### TASK TO COMPLETE:
Could you write out the lines below exactly, beginning with the first and finishing with the one that contains "Clockwork River цена"?

(Records from a data collection)
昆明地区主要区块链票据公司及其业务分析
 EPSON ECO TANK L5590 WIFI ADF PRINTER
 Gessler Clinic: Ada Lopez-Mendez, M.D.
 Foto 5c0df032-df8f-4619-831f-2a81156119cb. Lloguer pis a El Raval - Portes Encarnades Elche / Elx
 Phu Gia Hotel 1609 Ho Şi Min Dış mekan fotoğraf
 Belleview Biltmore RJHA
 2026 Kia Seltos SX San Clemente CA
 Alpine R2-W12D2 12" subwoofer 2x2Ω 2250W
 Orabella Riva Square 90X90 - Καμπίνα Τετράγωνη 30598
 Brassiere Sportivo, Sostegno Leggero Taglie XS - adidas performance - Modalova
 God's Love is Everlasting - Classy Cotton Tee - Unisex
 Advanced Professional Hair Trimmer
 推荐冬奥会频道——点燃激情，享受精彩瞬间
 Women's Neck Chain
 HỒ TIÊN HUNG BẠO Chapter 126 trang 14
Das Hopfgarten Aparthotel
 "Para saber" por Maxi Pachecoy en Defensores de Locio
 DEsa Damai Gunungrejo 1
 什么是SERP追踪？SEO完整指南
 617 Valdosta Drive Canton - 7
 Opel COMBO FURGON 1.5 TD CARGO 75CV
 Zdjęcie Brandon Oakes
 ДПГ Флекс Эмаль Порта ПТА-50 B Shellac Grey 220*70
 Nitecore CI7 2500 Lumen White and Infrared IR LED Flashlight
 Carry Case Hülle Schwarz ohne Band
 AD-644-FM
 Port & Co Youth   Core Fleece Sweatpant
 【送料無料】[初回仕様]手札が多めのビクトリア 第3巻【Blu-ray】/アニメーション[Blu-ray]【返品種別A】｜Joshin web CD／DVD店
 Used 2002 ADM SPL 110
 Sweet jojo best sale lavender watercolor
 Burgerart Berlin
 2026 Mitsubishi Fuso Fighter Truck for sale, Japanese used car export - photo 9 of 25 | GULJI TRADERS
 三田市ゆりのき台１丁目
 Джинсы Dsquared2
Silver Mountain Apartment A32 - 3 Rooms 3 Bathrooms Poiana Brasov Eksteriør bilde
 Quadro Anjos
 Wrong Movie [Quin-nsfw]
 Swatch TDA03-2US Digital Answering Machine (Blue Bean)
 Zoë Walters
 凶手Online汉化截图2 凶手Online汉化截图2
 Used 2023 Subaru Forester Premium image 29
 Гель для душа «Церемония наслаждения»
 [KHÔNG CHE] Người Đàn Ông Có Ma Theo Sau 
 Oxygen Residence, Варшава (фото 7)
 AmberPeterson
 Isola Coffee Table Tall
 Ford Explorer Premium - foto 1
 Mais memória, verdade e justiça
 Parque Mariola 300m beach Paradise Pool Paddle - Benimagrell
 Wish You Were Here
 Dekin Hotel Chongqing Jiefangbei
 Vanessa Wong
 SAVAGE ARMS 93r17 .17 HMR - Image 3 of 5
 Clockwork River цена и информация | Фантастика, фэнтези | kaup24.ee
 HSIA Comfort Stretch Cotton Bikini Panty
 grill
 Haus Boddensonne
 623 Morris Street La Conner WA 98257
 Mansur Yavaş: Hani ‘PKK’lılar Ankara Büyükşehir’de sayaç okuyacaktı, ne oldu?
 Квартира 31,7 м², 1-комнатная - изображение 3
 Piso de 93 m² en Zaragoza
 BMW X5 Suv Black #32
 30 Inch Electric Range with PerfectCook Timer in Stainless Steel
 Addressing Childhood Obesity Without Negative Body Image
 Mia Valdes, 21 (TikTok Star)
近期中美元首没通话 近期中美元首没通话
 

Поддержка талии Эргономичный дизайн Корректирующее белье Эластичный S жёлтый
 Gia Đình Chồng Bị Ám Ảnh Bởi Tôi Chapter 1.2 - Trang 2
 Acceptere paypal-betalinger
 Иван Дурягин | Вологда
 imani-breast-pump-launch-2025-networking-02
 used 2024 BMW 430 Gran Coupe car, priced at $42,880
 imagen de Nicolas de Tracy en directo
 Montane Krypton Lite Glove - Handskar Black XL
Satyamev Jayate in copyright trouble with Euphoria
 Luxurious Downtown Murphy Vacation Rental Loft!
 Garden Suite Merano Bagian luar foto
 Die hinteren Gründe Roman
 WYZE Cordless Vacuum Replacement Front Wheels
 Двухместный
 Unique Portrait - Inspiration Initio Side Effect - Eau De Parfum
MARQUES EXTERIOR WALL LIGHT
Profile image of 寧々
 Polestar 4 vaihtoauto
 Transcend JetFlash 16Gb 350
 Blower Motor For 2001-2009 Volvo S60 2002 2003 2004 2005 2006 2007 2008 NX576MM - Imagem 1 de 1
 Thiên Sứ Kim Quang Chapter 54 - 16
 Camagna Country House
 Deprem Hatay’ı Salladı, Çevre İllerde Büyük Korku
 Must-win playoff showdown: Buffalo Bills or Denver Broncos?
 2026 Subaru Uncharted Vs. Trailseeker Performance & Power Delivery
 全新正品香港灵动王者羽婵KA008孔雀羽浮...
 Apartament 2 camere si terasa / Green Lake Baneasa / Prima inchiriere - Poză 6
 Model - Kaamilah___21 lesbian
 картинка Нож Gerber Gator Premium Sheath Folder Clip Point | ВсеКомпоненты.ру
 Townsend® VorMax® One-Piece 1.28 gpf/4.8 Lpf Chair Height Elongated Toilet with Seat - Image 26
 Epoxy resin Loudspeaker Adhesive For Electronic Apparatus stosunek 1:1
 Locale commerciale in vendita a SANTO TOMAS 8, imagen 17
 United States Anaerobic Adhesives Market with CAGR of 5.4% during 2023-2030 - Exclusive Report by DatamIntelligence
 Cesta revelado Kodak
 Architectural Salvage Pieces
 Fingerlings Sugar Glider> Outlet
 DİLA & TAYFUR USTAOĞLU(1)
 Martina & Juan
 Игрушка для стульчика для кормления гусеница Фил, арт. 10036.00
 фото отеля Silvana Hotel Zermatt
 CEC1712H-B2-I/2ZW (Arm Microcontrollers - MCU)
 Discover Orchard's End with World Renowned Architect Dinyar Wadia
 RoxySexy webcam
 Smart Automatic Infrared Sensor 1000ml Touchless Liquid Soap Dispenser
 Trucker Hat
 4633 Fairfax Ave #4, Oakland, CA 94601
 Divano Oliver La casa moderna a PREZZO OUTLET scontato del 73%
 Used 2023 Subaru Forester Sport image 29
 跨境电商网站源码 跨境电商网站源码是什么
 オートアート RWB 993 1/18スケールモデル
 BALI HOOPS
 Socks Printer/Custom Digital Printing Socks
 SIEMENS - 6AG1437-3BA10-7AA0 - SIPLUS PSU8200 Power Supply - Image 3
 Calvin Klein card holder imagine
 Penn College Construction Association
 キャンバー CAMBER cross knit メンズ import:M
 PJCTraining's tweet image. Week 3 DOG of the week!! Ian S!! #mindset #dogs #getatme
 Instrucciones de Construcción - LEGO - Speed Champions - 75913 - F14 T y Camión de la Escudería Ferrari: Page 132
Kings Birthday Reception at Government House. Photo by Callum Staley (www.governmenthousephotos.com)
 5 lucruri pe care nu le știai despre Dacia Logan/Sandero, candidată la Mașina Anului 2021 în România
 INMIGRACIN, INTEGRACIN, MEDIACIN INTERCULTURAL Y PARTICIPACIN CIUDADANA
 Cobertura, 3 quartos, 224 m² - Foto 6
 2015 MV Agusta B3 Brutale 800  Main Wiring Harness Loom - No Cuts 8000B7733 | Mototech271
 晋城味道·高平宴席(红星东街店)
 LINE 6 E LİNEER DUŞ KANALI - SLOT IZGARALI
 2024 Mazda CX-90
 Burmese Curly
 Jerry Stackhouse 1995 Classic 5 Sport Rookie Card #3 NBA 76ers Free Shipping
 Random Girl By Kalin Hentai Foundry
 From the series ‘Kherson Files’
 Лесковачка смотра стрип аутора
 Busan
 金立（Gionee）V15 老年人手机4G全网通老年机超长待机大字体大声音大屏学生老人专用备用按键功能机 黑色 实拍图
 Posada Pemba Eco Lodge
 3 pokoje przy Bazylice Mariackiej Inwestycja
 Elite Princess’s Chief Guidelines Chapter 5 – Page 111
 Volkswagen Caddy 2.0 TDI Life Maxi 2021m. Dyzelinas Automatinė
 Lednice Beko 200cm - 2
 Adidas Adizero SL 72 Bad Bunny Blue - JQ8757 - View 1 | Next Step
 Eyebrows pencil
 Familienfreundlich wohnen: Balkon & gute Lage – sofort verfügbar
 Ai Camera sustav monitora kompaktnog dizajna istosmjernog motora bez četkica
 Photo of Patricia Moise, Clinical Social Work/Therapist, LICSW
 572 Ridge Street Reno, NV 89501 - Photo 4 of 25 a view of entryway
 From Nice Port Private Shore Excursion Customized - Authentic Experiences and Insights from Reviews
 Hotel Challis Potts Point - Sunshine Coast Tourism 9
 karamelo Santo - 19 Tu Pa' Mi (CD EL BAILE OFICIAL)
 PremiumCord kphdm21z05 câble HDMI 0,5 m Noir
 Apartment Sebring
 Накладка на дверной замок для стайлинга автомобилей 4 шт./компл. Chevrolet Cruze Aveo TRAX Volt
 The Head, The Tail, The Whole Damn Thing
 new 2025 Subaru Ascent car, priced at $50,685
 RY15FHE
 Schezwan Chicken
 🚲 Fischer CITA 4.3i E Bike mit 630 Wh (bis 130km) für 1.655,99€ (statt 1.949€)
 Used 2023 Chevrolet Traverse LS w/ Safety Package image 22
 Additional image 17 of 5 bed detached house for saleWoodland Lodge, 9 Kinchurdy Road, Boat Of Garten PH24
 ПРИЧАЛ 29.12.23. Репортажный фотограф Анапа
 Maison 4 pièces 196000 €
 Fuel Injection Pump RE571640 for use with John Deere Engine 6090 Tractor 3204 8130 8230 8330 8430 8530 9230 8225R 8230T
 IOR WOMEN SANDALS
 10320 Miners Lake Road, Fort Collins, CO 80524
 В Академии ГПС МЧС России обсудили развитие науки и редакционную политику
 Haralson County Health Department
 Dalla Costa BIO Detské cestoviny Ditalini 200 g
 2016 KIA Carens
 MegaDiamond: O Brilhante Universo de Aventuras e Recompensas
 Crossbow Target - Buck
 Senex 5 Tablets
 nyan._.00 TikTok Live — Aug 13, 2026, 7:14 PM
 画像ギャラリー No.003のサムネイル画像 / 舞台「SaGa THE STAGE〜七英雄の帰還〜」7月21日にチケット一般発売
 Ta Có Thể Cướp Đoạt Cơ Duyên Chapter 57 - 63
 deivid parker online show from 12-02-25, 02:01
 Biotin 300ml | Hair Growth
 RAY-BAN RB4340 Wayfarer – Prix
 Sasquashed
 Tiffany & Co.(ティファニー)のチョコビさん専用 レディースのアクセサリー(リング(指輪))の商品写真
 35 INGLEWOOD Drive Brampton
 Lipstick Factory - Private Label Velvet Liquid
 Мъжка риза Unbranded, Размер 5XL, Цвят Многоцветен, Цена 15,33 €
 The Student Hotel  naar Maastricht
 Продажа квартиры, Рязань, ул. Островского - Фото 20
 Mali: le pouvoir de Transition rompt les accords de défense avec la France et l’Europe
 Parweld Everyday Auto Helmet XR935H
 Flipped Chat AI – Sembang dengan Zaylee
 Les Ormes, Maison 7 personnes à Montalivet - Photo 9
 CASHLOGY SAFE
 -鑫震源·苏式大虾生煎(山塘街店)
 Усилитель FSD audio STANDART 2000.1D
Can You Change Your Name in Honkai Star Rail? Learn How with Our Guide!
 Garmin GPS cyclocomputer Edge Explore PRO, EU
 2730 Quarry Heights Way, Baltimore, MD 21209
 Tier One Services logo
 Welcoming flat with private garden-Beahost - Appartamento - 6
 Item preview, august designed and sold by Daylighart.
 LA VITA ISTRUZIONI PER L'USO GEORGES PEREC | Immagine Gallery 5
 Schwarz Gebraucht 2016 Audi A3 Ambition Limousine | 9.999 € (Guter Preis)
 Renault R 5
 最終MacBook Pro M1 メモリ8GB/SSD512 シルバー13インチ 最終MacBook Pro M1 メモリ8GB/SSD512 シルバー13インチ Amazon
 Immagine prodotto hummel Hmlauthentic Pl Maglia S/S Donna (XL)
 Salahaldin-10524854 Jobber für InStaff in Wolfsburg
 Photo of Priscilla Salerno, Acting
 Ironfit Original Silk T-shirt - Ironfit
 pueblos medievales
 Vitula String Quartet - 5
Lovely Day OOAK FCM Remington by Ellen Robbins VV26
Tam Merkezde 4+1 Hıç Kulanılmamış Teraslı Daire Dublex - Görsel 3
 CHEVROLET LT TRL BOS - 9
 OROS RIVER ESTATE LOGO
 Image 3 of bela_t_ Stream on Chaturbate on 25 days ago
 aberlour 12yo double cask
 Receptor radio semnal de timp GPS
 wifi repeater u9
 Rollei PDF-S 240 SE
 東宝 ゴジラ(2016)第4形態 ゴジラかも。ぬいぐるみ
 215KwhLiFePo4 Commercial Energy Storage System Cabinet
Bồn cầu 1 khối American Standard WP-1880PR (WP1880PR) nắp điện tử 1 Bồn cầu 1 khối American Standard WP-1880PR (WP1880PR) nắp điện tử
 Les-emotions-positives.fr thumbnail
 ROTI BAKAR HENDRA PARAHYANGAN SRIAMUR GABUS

### RESULT BELOW:
昆明地区主要区块链票据公司及其业务分析
 EPSON ECO TANK L5590 WIFI ADF PRINTER
 Gessler Clinic: Ada Lopez-Mendez, M.D.
 Foto 5c0df032-df8f-4619-831f-2a81156119cb. Lloguer pis a El Raval - Portes Encarnades Elche / Elx
 Phu Gia Hotel 1609 Ho Şi Min Dış mekan fotoğraf
 Belleview Biltmore RJHA
 2026 Kia Seltos SX San Clemente CA
 Alpine R2-W12D2 12" subwoofer 2x2Ω 2250W
 Orabella Riva Square 90X90 - Καμπίνα Τετράγωνη 30598
 Brassiere Sportivo, Sostegno Leggero Taglie XS - adidas performance - Modalova
 God's Love is Everlasting - Classy Cotton Tee - Unisex
 Advanced Professional Hair Trimmer
 推荐冬奥会频道——点燃激情，享受精彩瞬间
 Women's Neck Chain
 HỒ TIÊN HUNG BẠO Chapter 126 trang 14
Das Hopfgarten Aparthotel
 "Para saber" por Maxi Pachecoy en Defensores de Locio
 DEsa Damai Gunungrejo 1
 什么是SERP追踪？SEO完整指南
 617 Valdosta Drive Canton - 7
 Opel COMBO FURGON 1.5 TD CARGO 75CV
 Zdjęcie Brandon Oakes
 ДПГ Флекс Эмаль Порта ПТА-50 B Shellac Grey 220*70
 Nitecore CI7 2500 Lumen White and Infrared IR LED Flashlight
 Carry Case Hülle Schwarz ohne Band
 AD-644-FM
 Port & Co Youth   Core Fleece Sweatpant
 【送料無料】[初回仕様]手札が多めのビクトリア 第3巻【Blu-ray】/アニメーション[Blu-ray]【返品種別A】｜Joshin web CD／DVD店
 Used 2002 ADM SPL 110
 Sweet jojo best sale lavender watercolor
 Burgerart Berlin
 2026 Mitsubishi Fuso Fighter Truck for sale, Japanese used car export - photo 9 of 25 | GULJI TRADERS
 三田市ゆりのき台１丁目
 Джинсы Dsquared2
Silver Mountain Apartment A32 - 3 Rooms 3 Bathrooms Poiana Brasov Eksteriør bilde
 Quadro Anjos
 Wrong Movie [Quin-nsfw]
 Swatch TDA03-2US Digital Answering Machine (Blue Bean)
 Zoë Walters
 凶手Online汉化截图2 凶手Online汉化截图2
 Used 2023 Subaru Forester Premium image 29
 Гель для душа «Церемония наслаждения»
 [KHÔNG CHE] Người Đàn Ông Có Ma Theo Sau 
 Oxygen Residence, Варшава (фото 7)
 AmberPeterson
 Isola Coffee Table Tall
 Ford Explorer Premium - foto 1
 Mais memória, verdade e justiça
 Parque Mariola 300m beach Paradise Pool Paddle - Benimagrell
 Wish You Were Here
 Dekin Hotel Chongqing Jiefangbei
 Vanessa Wong
 SAVAGE ARMS 93r17 .17 HMR - Image 3 of 5
 Clockwork River цена и информация | Фантастика, фэнтези | kaup24.ee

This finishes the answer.